[Web page caption snippets]

----------------

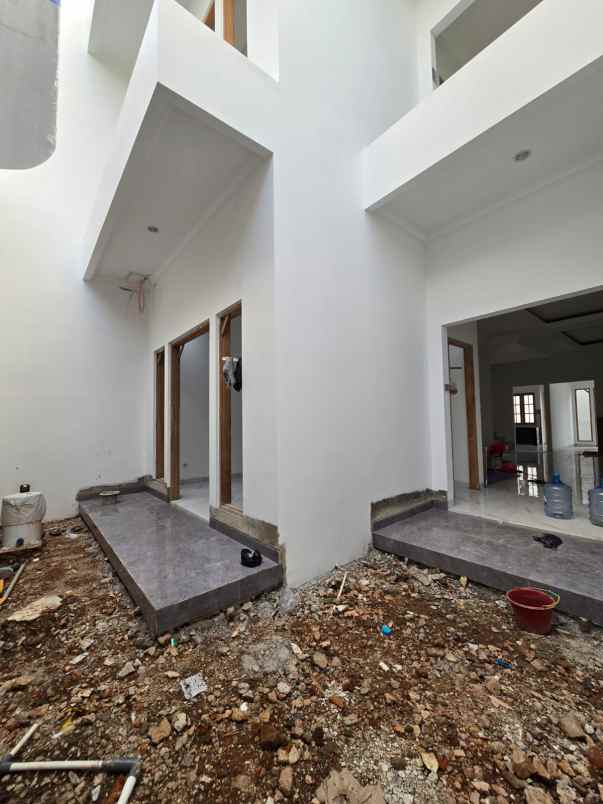 dijual rumah duren sawit jakarta timur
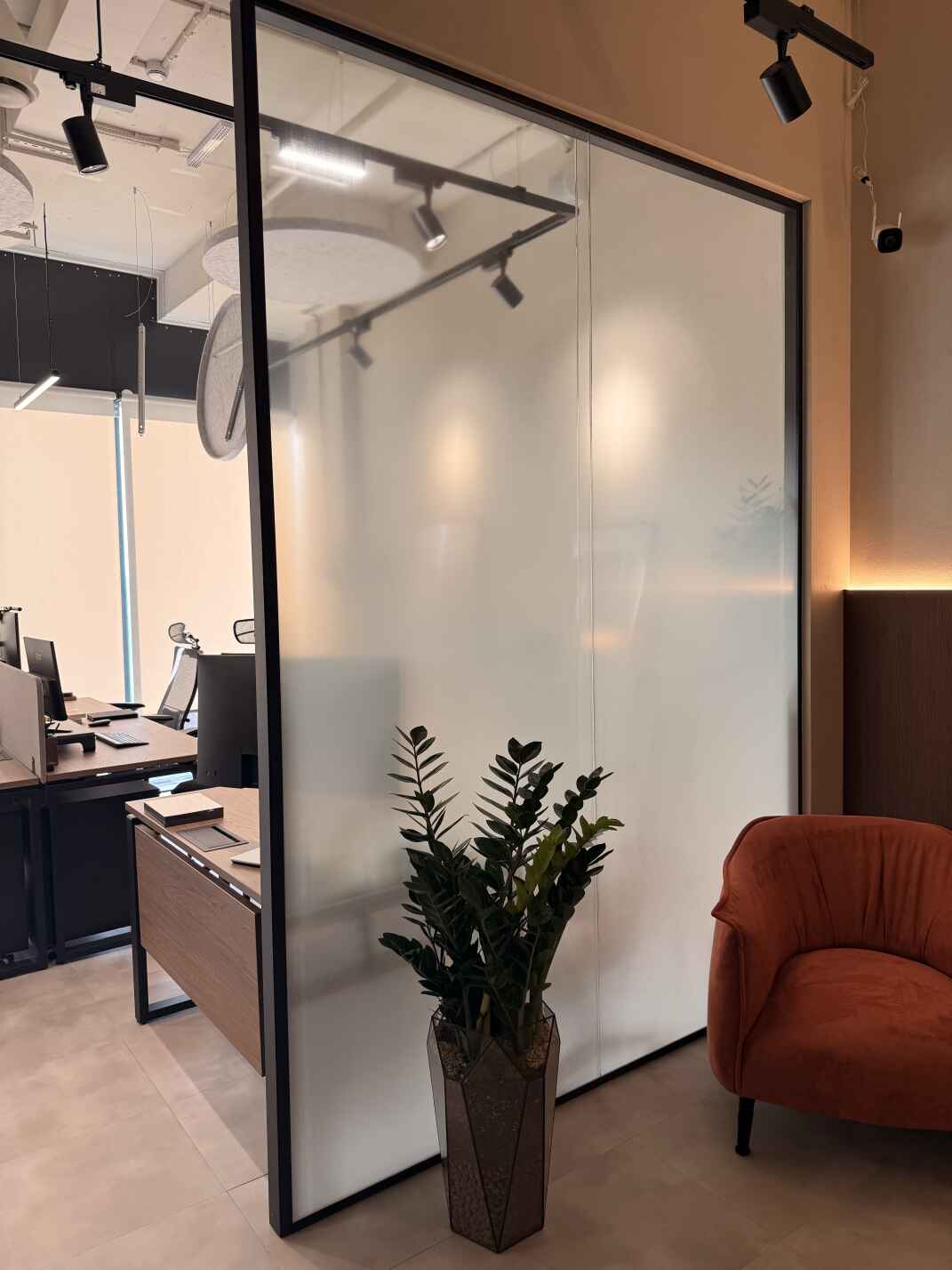 Каркасная матовая перегородка из алюминиевого профиля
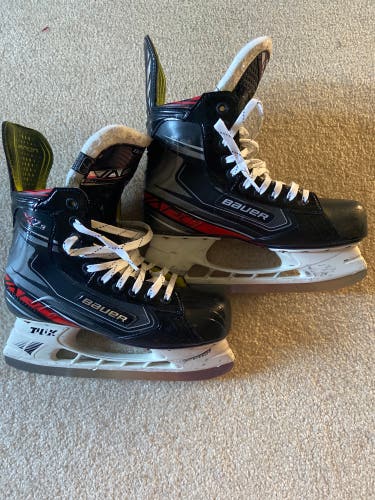 Used Bauer Regular Width Size 7 Vapor X2.9 Hockey Skates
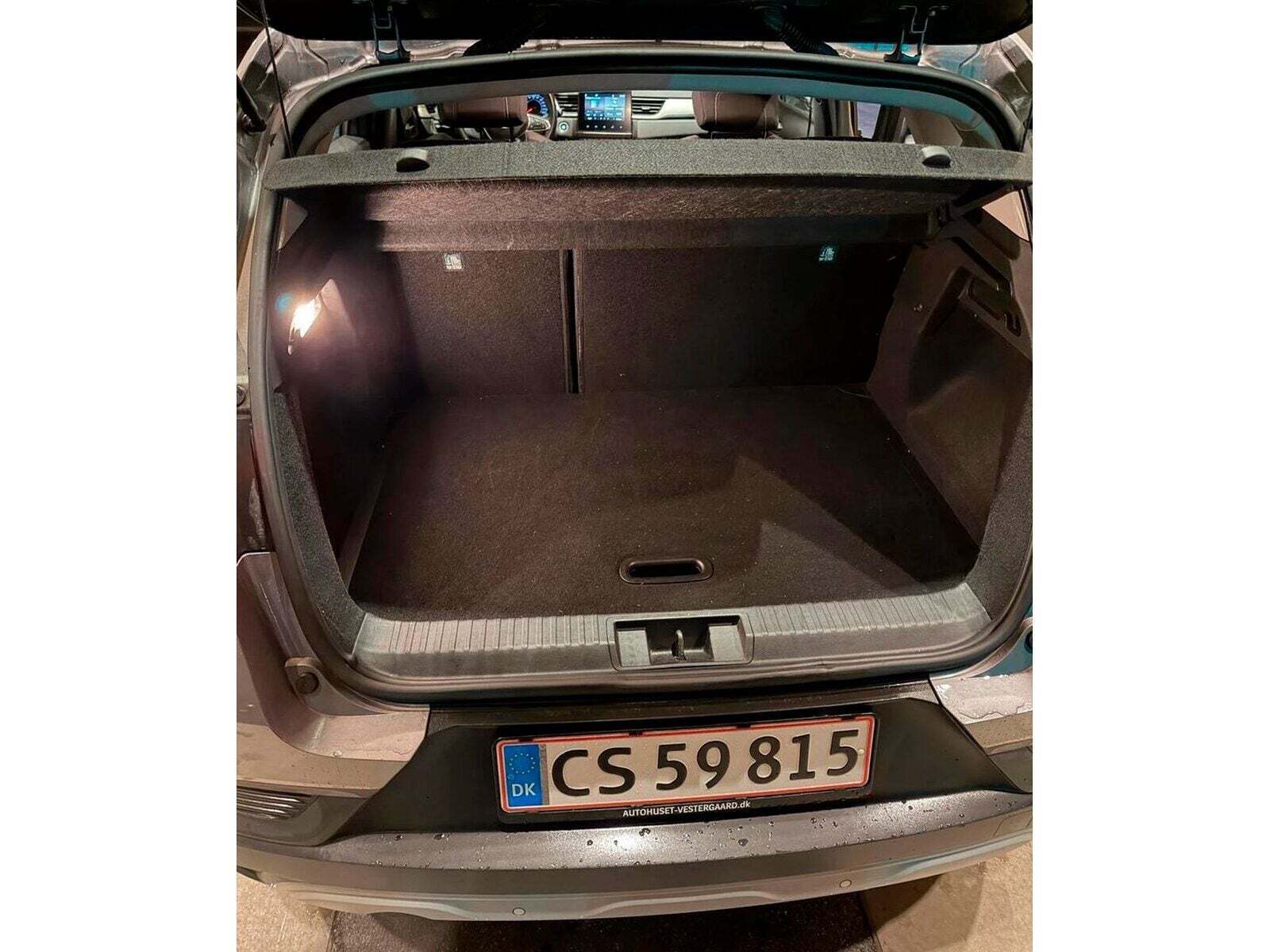 Grå Renault Captur fra 2020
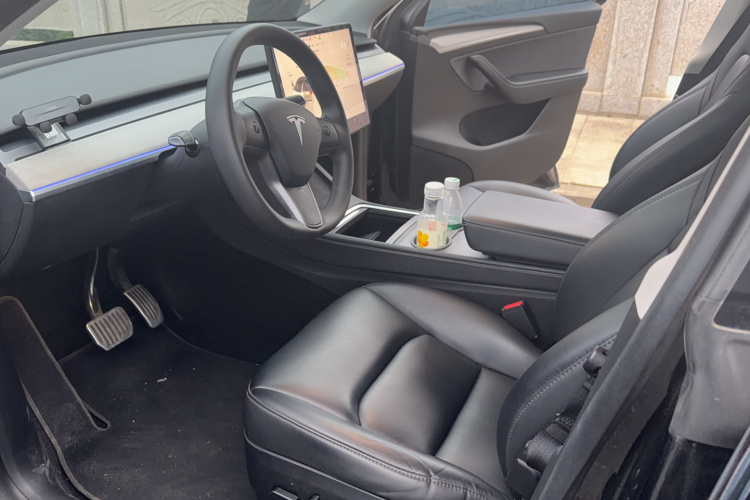 Tesla Model Y 2023 #12 Tesla Model Y 2023 car image #12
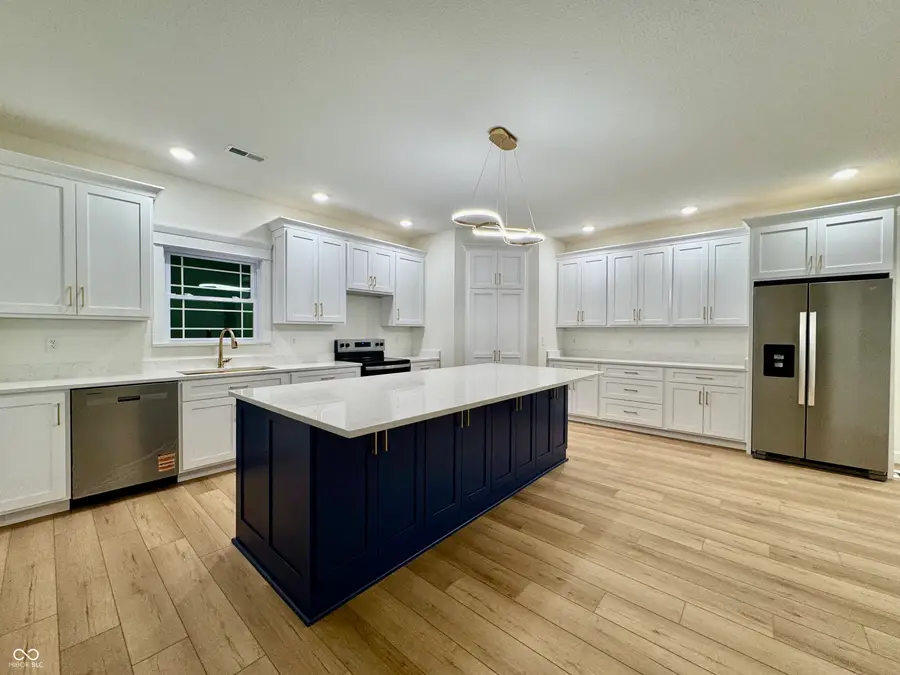 1958 Austin James Lane, Seymour, IN 47274 - #3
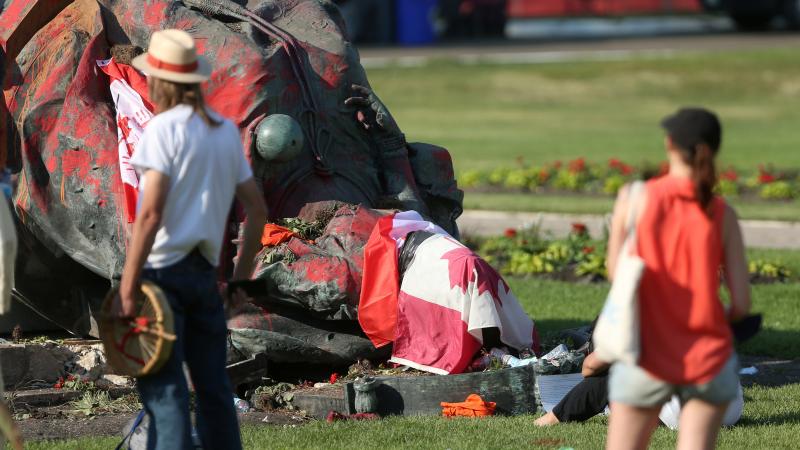 أشعلت حادثة اكتشاف رفات أطفال في كندا الغضب الشعبي وأقدم العديد منهم على إسقاط التمثالين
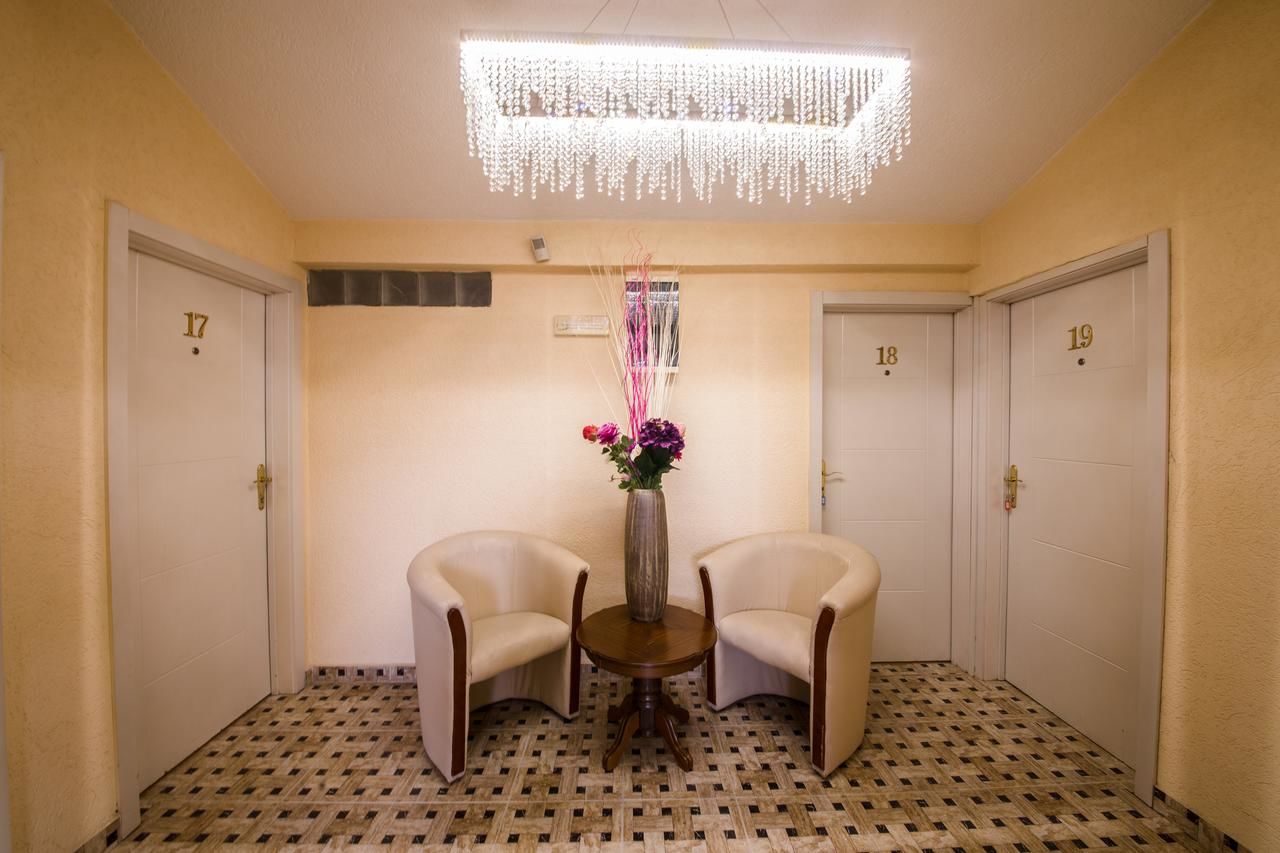 Отель Hotel Ideal Подгорица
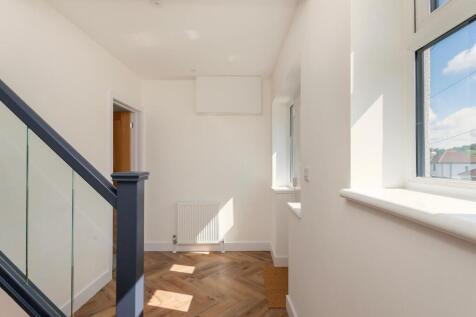 4H2LBH - Hallway C.jpg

----------------

▸ **DESCRIPTION OF THE TASK**:
Each entry above is to be written out exactly. The pictures stay out.

▸ **PROBLEM SOLUTION**:
 dijual rumah duren sawit jakarta timur
 Каркасная матовая перегородка из алюминиевого профиля
 Used Bauer Regular Width Size 7 Vapor X2.9 Hockey Skates
 Grå Renault Captur fra 2020
 Tesla Model Y 2023 #12 Tesla Model Y 2023 car image #12
 1958 Austin James Lane, Seymour, IN 47274 - #3
 أشعلت حادثة اكتشاف رفات أطفال في كندا الغضب الشعبي وأقدم العديد منهم على إسقاط التمثالين
 Отель Hotel Ideal Подгорица
 4H2LBH - Hallway C.jpg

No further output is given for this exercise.